- [WORK TO COMPLETE]:
Here the job is to print all of the entries below verbatim and leave out any picture.

- [RECORDS]:
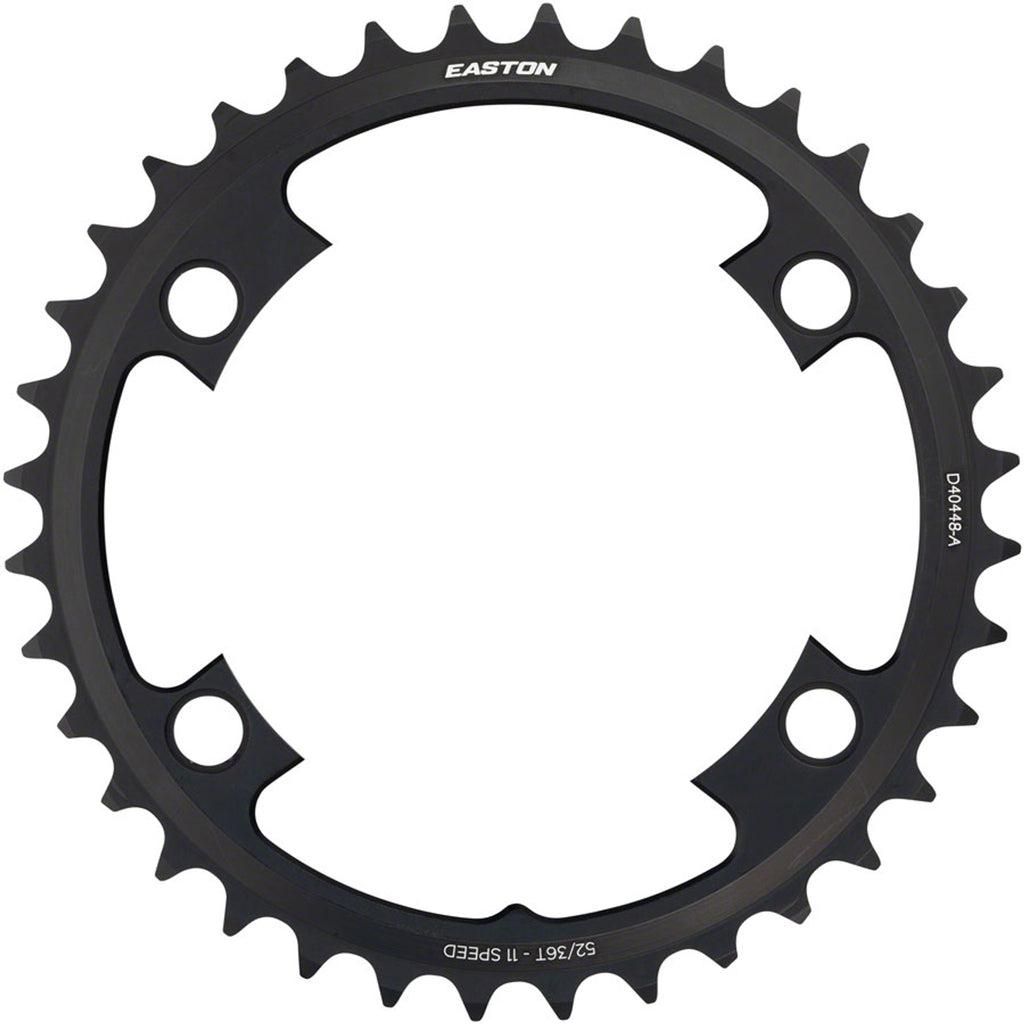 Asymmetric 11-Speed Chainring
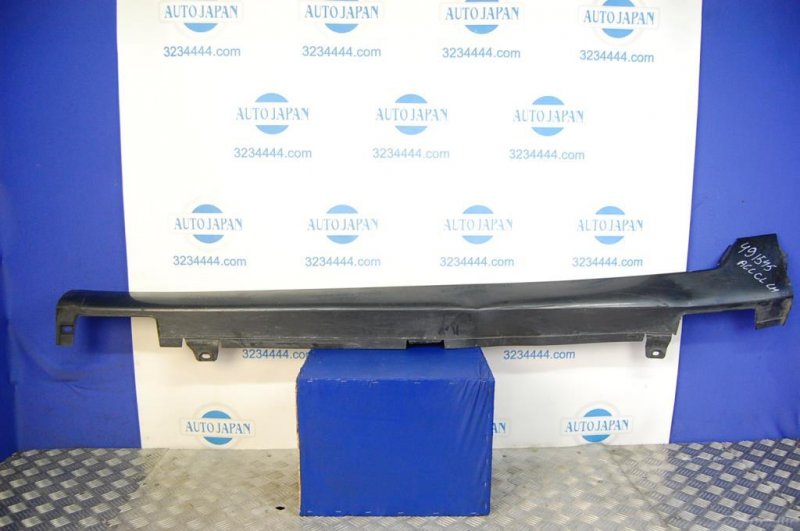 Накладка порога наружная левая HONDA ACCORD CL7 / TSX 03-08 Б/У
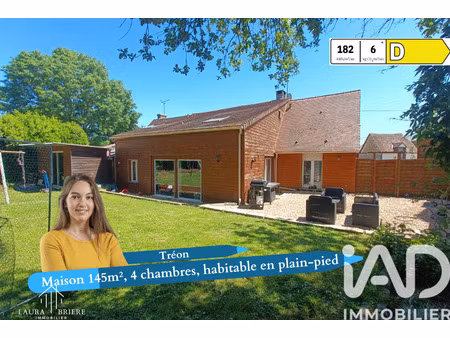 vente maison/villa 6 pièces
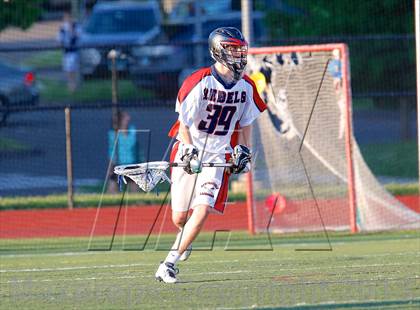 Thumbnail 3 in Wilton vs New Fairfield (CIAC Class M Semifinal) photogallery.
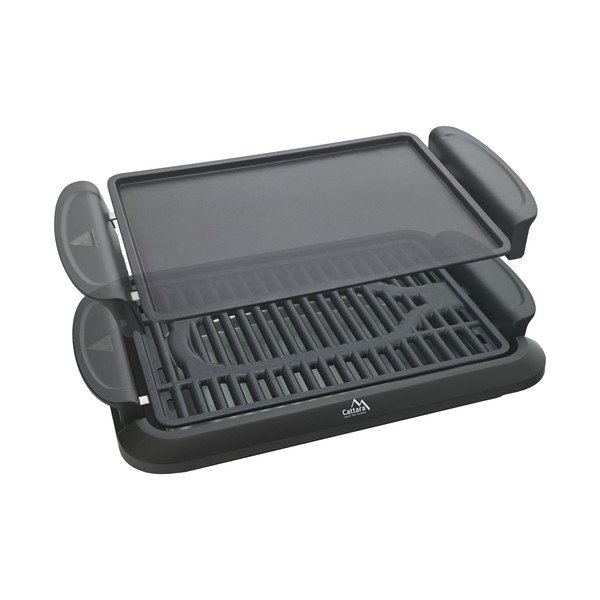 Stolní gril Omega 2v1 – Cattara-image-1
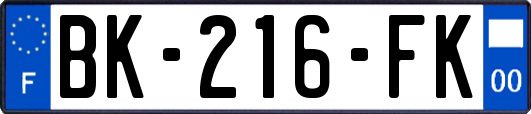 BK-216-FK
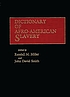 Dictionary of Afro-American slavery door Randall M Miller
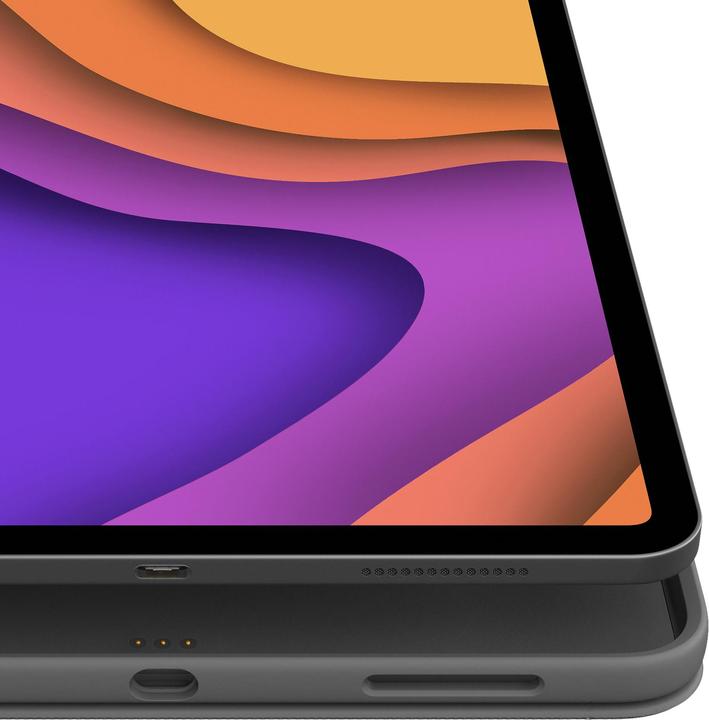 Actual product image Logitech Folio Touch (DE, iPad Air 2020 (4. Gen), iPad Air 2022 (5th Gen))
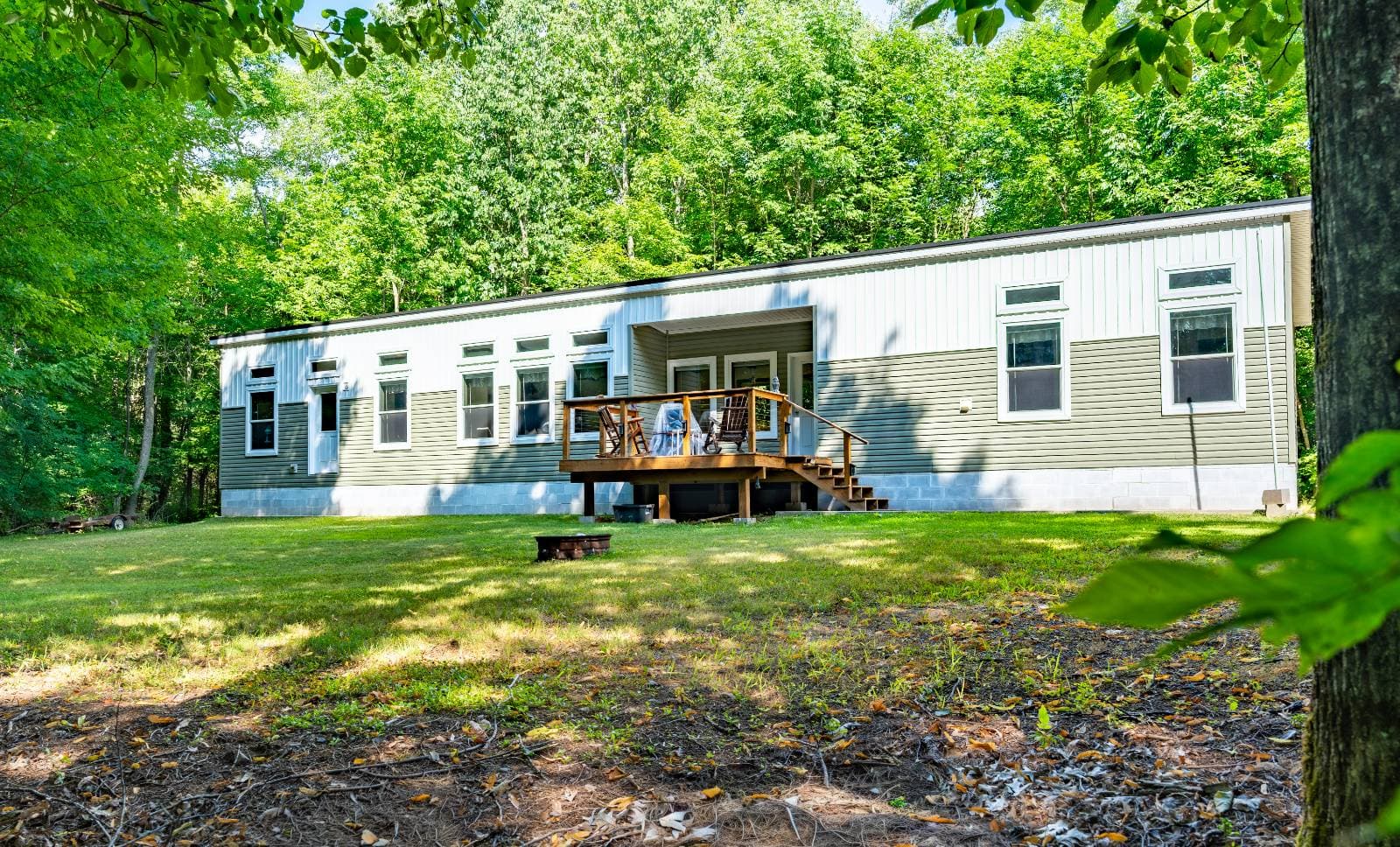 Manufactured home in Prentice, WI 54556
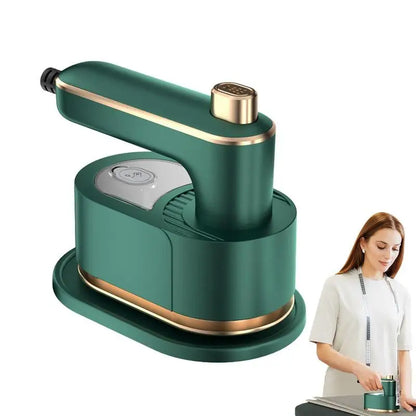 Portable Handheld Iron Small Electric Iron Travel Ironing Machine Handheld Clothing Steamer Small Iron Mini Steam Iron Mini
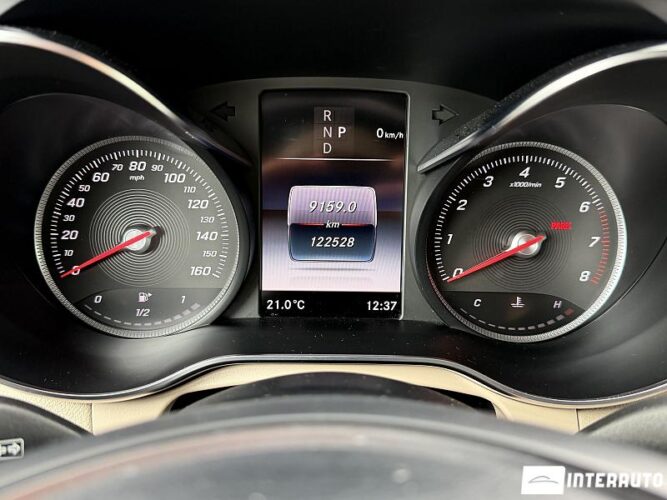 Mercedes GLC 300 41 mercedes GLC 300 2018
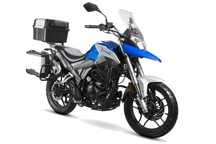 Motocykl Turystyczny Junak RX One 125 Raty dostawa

- [WRITTEN SOLUTION]:
 Asymmetric 11-Speed Chainring
 Накладка порога наружная левая HONDA ACCORD CL7 / TSX 03-08 Б/У
 vente maison/villa 6 pièces
 Thumbnail 3 in Wilton vs New Fairfield (CIAC Class M Semifinal) photogallery.
 Stolní gril Omega 2v1 – Cattara-image-1
 BK-216-FK
 Dictionary of Afro-American slavery door Randall M Miller
 Actual product image Logitech Folio Touch (DE, iPad Air 2020 (4. Gen), iPad Air 2022 (5th Gen))
 Manufactured home in Prentice, WI 54556
 Portable Handheld Iron Small Electric Iron Travel Ironing Machine Handheld Clothing Steamer Small Iron Mini Steam Iron Mini
 Mercedes GLC 300 41 mercedes GLC 300 2018
 Motocykl Turystyczny Junak RX One 125 Raty dostawa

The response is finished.